If you and the clinical team decide that genetic testing is right for you, you will be asked to provide a DNA sample to be used in the test. The sample is typically a blood sample but it could also be saliva or tissue, depending on the type of test and your symptoms. For example, someone with cancer may have a tumor biopsy taken for tumor sequencing.
The clinical geneticist may order one of a number of types of genetic tests based on your symptoms, family history, and prior medical testing. If he or she suspects a specific genetic disease based upon your symptoms, they may order a gene panel that looks at one or more genes related to that disease. For example, memory problems and involuntary movements are symptoms of Huntington’s disease which has a causal genetic variant that could be investigated with a gene panel.
A second type of genetic test, called whole exome sequencing, looks at the regions of your DNA that code for proteins. The most comprehensive type of genetic test, called whole genome sequencing, looks at your entire set of DNA, or genome.
After your genetic test has been completed, the clinical team will interpret the results together, taking into consideration all of your symptoms, any family history, and genetic testing results. The clinical geneticist and a genetic counselor will deliver their conclusions to you. Being given a disease diagnosis gives patients an answer to their sometimes years long diagnostic journey but also helps their physicians more effectively create a treatment and lifestyle plan.
Because of the growing importance of integrating genomics into healthcare, genomic medicine departments are becoming increasingly more common in large hospitals and universities. The Smith Family Clinic for Genomic Medicine is a stand-alone medical office residing on the HudsonAlpha Institute for Biotechnology campus that is devoted to the practice of genomic medicine.
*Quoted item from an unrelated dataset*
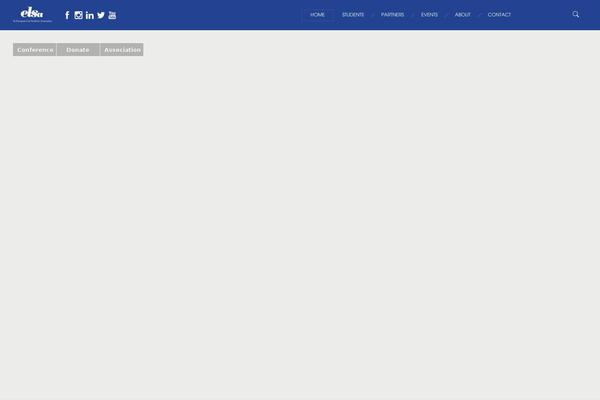 Site using The-events-calendar-community-events plugin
Upon opening in 2015, it was the first clinic of its kind in the world that focused solely on the diagnosis of rare and undiagnosed disease using genomics.
The clinic, led by board-certified clinical geneticist Dr. David Bick, aims to diagnose patients with undiagnosed and misdiagnosed disease. A unique part of the clinic is that they integrate whole genome sequencing into the routine practice of genetics, something that not many clinics are currently doing.
Although they were operating under restrictions due to the COVID-19 pandemic for much of 2020, the Smith Family Clinic was still able to conduct 618 patient visits and lab draws. 38 patients were delivered a diagnosis and 17 were delivered a possible diagnosis.
In addition to providing diagnoses to patients with rare and undiagnosed disease, the clinic also offers a program called Insight Genome which gives adults the opportunity to have their whole genome sequenced and analyzed. Through whole genome sequencing, participants may learn about DNA variants that explain current symptoms, increase their risk for future disease, or show that they are a carrier for disease. Knowledge gained from the program can help the participants make future health and wellness decisions.